Horse carvings depict a wide variety of events and beliefs including battle scenes, hunting expeditions, and tallies of horses acquired through trading or raiding. In everyday life, some horses replaced the dog as beasts of burden while other horses were highly revered as ‘buffalo runners’, prized for being long-winded and intelligent while overcoming an 800 pound buffalo. For buffalo hunters who needed both hands free for their weapons, a well trained horse was a matter of survival.

A painting by George Catlin from the 1800s of life on the Canadian Plains (reproduced with permission from the Bruce Peel Special Collections Library, University of Alberta).
A painting by George Catlin from the 1800s of life on the Canadian Plains (reproduced with permission from the Bruce Peel Special Collections Library, University of Alberta).

The horse also quickly galloped into peoples’ social lives. Families that acquired many horses gained prestige and respect. Horse raiding became a mark of courage for many groups and horses were traded for a multitude of things including European goods, food, membership into societies, and spiritual power. During the fur trade while slick beaver furs were motivating European economic interests in northern Alberta, horses, guns, and buffalo meat were becoming entwined in complex trade networks that would shape the history of the prairies. When the buffalo eventually vanished, the hooves of the horse pounded on.

This combat scene from Writing-on-Stone shows an early horse draped with body armour (photograph reproduced with permission from Michal Klassen).
This combat scene from Writing-on-Stone shows an early horse draped with body armour (photograph reproduced with permission from Michal Klassen).

The unique collection of rock art at Writing-on-Stone is a provincial treasure that captures pivotal centuries of modern Plains cultures. For this reason, the area is both a Provincial Historic Resource and a National Historic Site. Writing-on-Stone is still a sacred place to the Blackfoot people; a place where spirits dwell among the sculpted bedrock. Visitors are encouraged to learn the story of this powerful place. One of the many benefits of the stony archive of art on the Milk River is that it can be enjoyed and appreciated under blue skies.

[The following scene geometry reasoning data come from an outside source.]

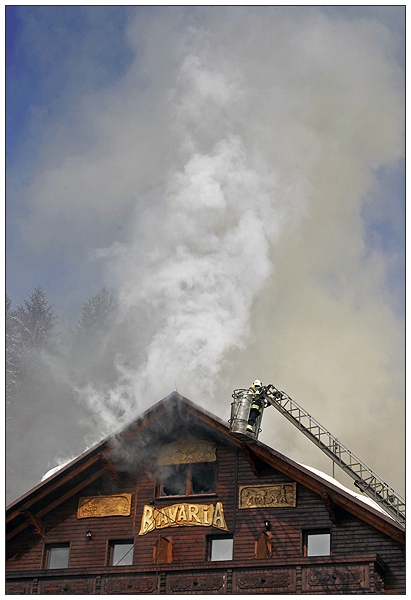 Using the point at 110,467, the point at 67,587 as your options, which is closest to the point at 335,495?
the point at 110,467

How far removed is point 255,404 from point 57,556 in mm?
8201

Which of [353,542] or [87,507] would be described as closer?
[353,542]

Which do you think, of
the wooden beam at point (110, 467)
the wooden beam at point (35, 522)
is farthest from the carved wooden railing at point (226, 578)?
the wooden beam at point (110, 467)

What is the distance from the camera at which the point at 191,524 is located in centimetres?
Result: 3353

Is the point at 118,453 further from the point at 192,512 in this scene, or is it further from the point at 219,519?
the point at 219,519

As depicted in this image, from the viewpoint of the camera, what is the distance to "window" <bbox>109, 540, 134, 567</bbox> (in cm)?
3406

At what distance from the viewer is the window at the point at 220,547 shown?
33125mm

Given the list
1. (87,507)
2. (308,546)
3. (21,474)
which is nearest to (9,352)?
(21,474)

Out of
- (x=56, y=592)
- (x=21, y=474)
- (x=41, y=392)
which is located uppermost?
(x=41, y=392)

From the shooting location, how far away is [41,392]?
255 feet

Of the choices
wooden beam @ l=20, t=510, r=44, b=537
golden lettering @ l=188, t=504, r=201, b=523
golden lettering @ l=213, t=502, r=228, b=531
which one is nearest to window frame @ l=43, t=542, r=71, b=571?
wooden beam @ l=20, t=510, r=44, b=537

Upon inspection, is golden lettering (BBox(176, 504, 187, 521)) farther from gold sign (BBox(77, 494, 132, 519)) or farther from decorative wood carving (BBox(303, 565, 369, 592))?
decorative wood carving (BBox(303, 565, 369, 592)) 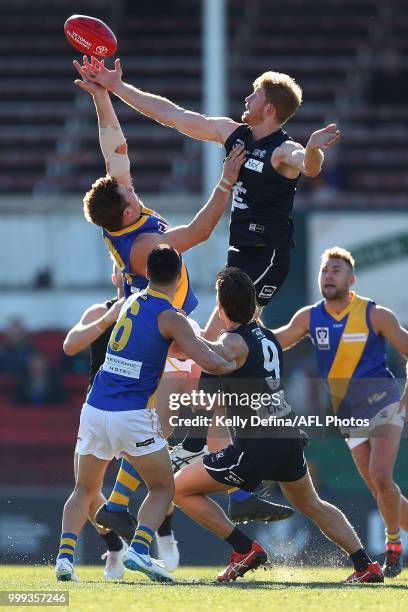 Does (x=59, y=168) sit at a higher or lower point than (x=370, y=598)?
higher

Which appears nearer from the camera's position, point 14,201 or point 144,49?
point 14,201

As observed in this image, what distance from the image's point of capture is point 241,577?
827 centimetres

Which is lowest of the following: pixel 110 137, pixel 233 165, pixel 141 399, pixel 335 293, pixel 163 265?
pixel 141 399

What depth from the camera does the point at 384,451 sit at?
8.91 meters

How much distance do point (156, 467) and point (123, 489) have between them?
2.10 ft

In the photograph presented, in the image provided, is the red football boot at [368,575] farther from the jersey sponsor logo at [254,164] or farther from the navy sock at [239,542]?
the jersey sponsor logo at [254,164]

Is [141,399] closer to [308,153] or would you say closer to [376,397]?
[308,153]

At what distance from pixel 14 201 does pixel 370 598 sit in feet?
40.3

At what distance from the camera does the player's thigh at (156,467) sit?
23.7ft

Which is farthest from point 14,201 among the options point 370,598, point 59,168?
point 370,598

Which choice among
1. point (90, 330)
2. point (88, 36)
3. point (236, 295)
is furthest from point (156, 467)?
point (88, 36)

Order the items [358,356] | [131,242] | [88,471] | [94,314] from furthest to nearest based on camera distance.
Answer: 1. [358,356]
2. [94,314]
3. [131,242]
4. [88,471]

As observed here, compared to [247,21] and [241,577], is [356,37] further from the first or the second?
[241,577]

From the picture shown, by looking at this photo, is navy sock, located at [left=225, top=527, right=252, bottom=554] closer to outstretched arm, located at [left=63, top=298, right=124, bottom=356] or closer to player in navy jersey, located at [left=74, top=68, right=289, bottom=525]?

Morning light on the beautiful hoodoos at Writing-on-Stone (photograph reproduced with permission from Robert Berdan).
Morning light on the beautiful hoodoos at Writing-on-Stone (photograph reproduced with permission from Robert Berdan).

What better way to learn how the horse changed the west than from reading the walls of Writing-on-Stone while cool breezes blow in hints of sage and a red-tailed hawk reads over your shoulder? Site protection combined with a healthy respect for Blackfoot traditions and the archaeological record will ensure that the history of the old West will endure and the story of the horse will ride on.